En Argentine, le gouvernement de Javier Milei veut mettre fin au prix unique du livre, en vigueur depuis 2001. Cette disposition, comparable à celle qui existe en France, fait partie des règles que l’exécutif entend revoir dans le cadre de sa politique de dérégulation. Selon les éléments disponibles, la mesure figurerait dans un vaste projet de loi de plus de 300 articles destiné au Congrès.

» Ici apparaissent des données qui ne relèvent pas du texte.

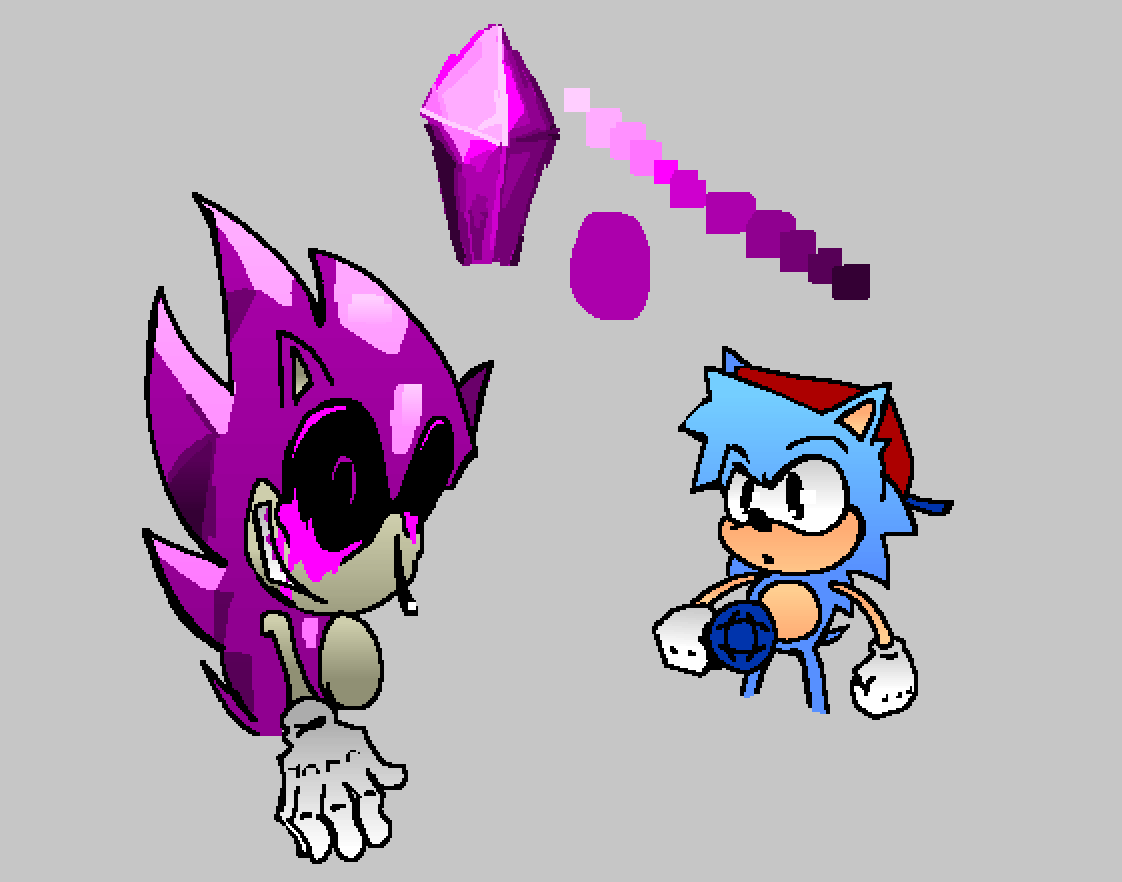 Unfinished art for a youtube video for a scrapped song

Le prix unique du livre encadre la vente des ouvrages en imposant un tarif fixé, afin d’éviter une concurrence fondée uniquement sur les rabais. Sa possible suppression suscite donc une forte réaction dans le monde du livre, où l’on craint un bouleversement profond de l’équilibre actuel du secteur.

Éditeurs, libraires et auteurs affichent leur opposition à cette réforme. Ils estiment qu’une telle décision pourrait fragiliser le tissu des librairies et affaiblir la diversité éditoriale, en donnant davantage de poids aux acteurs capables de jouer sur les prix.

Le dossier est ainsi devenu un nouveau front dans l’offensive réformatrice de Javier Milei. Au-delà du marché du livre, le débat porte aussi sur la place de la régulation publique dans la culture et sur la façon dont l’Argentine entend organiser ce secteur à l’avenir.